Proposal of new Plan - Shri O.P. Jindal Employee Stock Ownership Plan (JSWIL) - 2026:
At this juncture, the Company proposes to introduce new plan which is designed to align with prevailing industry best practices and reinforces the Company’s ongoing commitment to fostering employee engagement and promoting long-term value creation. Accordingly, a new equity incentive plan titled ‘Shri O.P. Jindal Employee Stock Ownership Plan (JSWIL) - 2026’ (‘ OPJ ESOP Plan 2026 ’ or the ‘ Plan ’) is proposed to be implemented through the Trust established by the Company, which shall cover eligible employees of the Company and its present and future unlisted subsidiary company(ies).

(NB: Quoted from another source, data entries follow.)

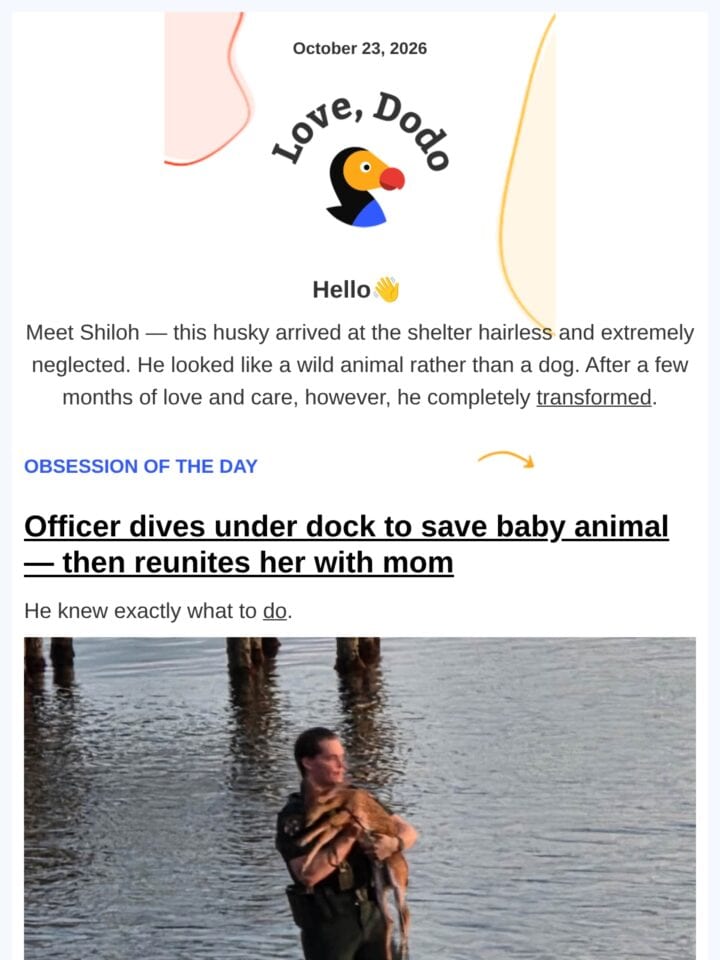 No Thumbnail Set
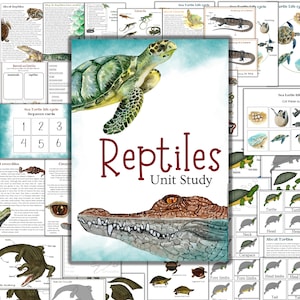 Reptiles unit study, Crocodile unit study, Turtle unit study, reptiles  activities, turtle montessori puzzle, montessori 3 part cards turtle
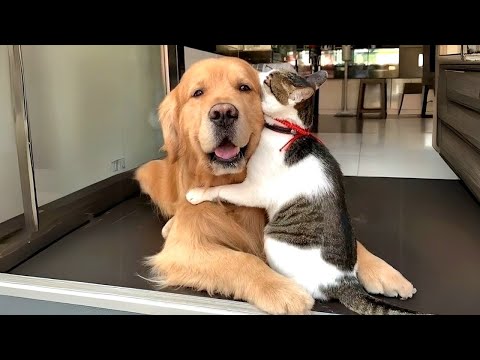 When Dogs and Cats Become Best Friends 😂 Funniest Animals Video 2026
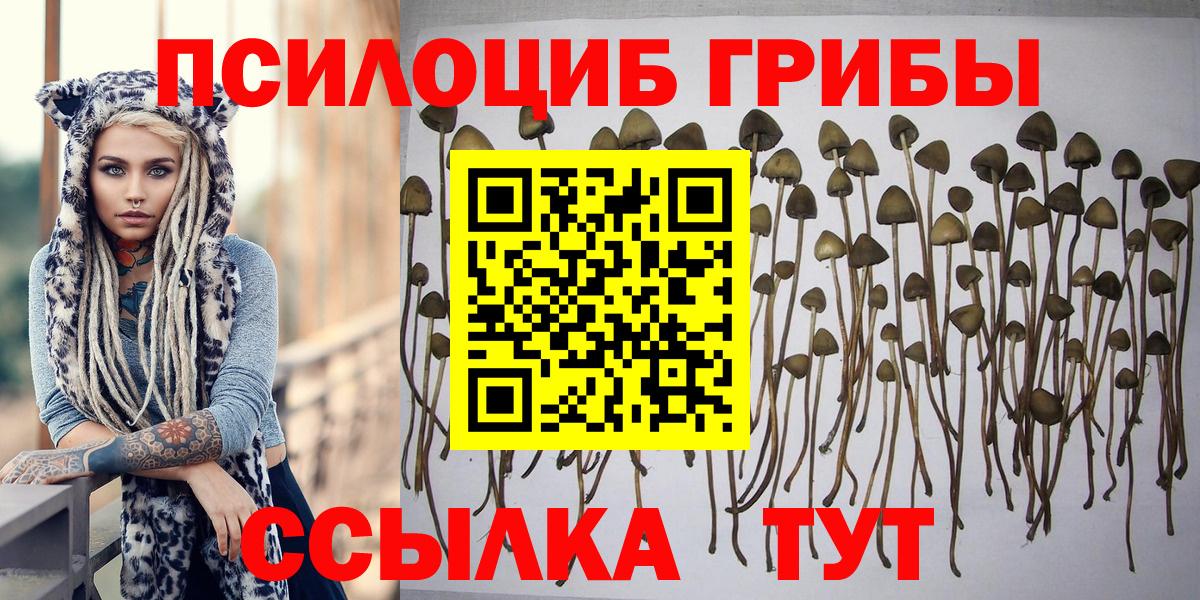 Михайловск  Псилоцибиновые грибы прущие грибы  закладки  Вход с VPN 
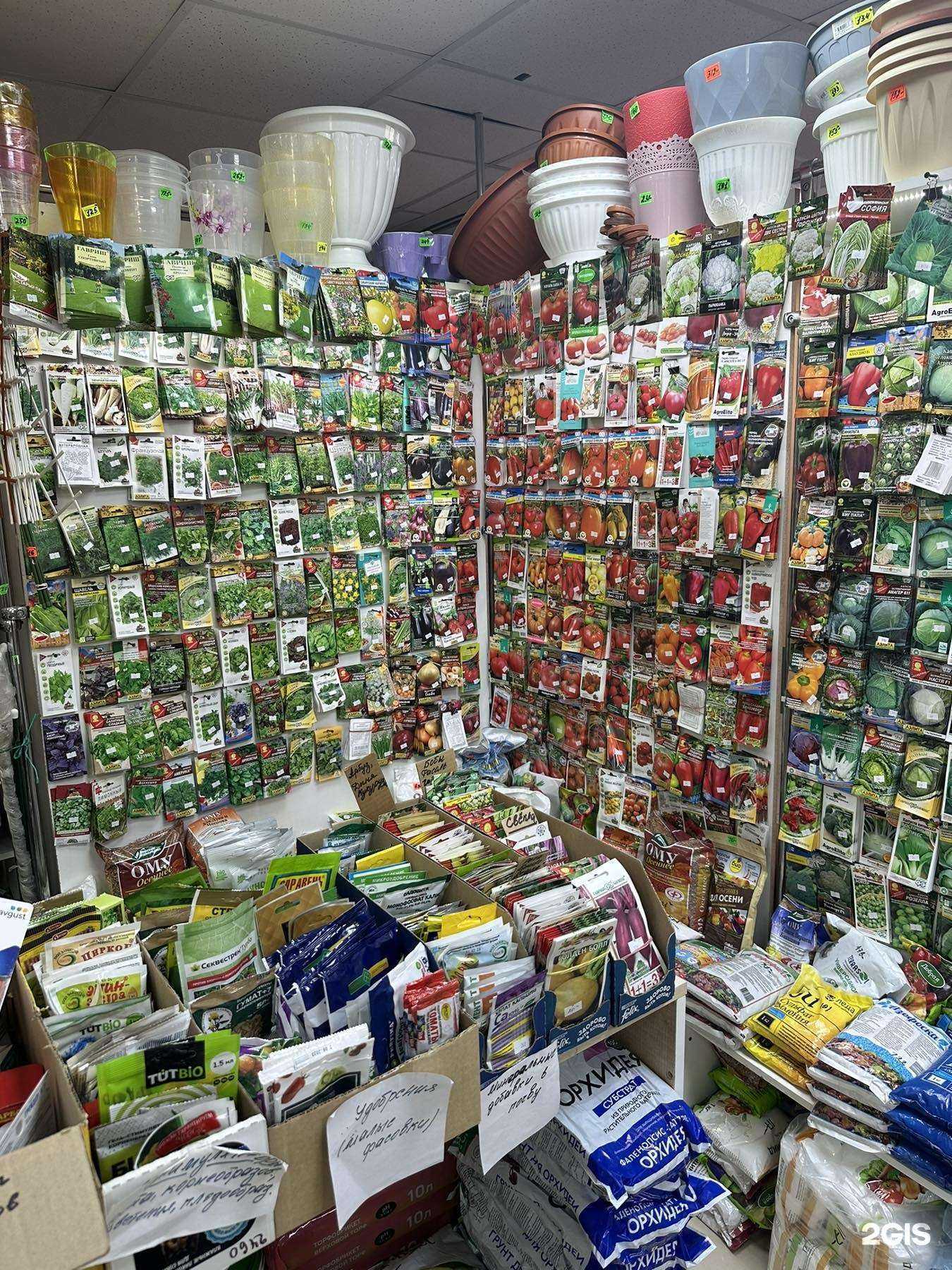 Отзывы на компанию Гудвин в г. Тольятти c фото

To operationalize the Plan, the Company proposes allocating a pool of 21,00,000 (Twenty-One Lakhs Only) Options, each convertible into one equity share of the Company. The requisite equity shares shall be sourced from the existing shares held by the Trust under the Existing Plans, comprising 6,83,520 (Six Lakhs Eighty-Three Thousand Five Hundred Twenty Only) equity shares under ESOP 2016 and 14,16,480 (Fourteen Lakhs Sixteen Thousand Four Hundred Eighty Only) equity shares under ESOP 2021.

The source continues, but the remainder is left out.